→ What you need to do
Gather all lines with "wearing" from the records.

→ Data excerpts
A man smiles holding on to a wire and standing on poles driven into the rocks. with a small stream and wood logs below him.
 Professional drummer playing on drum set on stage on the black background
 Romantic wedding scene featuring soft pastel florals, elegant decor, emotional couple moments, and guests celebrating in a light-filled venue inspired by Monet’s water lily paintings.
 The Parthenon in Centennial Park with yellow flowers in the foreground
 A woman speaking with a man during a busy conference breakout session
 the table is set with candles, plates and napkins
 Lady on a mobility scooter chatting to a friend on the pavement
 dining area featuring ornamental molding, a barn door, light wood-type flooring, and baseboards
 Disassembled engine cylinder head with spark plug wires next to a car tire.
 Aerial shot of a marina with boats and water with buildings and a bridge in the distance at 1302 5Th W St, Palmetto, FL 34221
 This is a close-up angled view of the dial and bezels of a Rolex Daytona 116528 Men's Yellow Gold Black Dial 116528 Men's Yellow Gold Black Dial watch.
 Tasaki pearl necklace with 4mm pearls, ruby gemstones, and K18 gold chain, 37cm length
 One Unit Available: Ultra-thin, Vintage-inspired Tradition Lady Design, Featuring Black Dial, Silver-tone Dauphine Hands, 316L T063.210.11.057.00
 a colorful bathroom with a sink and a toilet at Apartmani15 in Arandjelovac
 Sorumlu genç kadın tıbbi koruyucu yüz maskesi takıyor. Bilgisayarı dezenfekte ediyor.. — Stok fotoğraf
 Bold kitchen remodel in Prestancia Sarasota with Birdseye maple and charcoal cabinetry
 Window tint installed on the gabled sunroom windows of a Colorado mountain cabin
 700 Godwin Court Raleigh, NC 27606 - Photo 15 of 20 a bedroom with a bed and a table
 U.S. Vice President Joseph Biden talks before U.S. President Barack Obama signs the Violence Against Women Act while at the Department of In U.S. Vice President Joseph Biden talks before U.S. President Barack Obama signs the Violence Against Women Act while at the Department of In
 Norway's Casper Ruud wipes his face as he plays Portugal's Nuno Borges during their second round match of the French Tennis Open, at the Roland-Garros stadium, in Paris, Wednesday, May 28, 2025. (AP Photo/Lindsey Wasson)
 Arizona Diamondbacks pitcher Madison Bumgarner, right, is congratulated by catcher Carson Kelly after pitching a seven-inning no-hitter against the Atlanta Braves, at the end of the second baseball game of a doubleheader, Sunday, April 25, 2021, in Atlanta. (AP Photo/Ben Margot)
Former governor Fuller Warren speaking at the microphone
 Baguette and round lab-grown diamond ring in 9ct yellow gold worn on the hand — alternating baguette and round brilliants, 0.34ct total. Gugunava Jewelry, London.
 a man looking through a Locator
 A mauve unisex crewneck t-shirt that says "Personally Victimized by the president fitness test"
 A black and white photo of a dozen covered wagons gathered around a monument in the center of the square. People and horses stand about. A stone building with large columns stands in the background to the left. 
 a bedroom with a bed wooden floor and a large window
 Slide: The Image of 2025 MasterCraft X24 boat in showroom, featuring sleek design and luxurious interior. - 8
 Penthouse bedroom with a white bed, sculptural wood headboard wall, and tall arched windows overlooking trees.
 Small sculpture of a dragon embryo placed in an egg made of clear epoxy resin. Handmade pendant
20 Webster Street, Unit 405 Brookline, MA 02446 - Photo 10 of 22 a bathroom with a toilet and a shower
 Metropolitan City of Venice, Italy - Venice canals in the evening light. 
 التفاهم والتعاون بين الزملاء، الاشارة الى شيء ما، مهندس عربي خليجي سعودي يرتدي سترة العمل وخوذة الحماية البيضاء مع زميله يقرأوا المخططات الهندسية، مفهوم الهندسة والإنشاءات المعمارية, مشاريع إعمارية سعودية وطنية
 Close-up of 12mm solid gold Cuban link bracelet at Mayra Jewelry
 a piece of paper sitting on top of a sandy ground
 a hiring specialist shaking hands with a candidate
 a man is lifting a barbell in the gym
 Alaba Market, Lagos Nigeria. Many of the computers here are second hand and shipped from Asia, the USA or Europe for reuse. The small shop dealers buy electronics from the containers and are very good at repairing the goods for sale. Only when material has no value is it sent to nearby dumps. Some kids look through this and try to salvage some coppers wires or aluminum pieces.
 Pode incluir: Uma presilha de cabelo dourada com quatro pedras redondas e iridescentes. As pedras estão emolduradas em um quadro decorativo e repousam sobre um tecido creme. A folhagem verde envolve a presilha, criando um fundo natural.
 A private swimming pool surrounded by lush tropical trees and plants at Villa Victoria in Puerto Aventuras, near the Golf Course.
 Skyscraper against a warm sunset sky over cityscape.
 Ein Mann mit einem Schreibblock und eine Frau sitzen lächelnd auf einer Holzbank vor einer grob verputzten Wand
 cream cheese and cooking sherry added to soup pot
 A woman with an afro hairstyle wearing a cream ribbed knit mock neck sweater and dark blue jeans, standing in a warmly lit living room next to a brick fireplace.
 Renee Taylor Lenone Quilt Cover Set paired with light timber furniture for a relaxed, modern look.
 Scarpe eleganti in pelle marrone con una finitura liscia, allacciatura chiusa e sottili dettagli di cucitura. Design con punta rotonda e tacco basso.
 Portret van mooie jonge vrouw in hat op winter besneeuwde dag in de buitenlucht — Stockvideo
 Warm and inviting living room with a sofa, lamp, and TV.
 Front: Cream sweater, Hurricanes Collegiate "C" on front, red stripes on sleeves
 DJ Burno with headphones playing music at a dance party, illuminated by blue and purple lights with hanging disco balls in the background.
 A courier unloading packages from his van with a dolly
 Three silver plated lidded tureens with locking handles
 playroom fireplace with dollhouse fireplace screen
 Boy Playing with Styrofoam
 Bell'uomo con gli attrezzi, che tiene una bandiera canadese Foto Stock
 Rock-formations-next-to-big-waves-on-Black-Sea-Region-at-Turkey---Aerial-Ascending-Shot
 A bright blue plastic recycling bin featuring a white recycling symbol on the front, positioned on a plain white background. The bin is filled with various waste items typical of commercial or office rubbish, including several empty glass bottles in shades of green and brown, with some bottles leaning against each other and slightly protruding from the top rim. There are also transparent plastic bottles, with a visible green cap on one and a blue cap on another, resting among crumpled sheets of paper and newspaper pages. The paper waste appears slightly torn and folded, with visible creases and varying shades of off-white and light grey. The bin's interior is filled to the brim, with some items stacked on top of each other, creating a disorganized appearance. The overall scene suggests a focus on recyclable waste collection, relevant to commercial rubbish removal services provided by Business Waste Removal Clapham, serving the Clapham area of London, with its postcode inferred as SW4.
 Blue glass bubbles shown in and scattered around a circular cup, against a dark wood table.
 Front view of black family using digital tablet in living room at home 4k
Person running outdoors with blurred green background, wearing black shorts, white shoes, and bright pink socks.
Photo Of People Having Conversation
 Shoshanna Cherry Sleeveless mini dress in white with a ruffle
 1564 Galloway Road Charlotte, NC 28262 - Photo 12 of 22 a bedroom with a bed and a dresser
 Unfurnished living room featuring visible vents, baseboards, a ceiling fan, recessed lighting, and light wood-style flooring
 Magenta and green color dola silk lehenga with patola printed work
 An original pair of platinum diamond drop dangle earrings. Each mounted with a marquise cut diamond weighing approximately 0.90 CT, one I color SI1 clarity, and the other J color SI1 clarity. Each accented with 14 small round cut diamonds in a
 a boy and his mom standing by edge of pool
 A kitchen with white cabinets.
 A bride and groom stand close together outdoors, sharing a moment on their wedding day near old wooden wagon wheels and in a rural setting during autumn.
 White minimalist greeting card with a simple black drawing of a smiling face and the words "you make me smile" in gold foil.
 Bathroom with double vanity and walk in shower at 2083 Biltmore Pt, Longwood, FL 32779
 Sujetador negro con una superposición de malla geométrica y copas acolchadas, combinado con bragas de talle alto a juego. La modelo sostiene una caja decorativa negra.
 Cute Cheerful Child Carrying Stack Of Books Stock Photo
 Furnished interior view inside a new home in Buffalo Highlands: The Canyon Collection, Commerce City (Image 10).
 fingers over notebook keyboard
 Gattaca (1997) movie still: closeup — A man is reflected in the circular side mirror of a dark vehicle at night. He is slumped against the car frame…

→ Solved problem
 A woman with an afro hairstyle wearing a cream ribbed knit mock neck sweater and dark blue jeans, standing in a warmly lit living room next to a brick fireplace.
Person running outdoors with blurred green background, wearing black shorts, white shoes, and bright pink socks.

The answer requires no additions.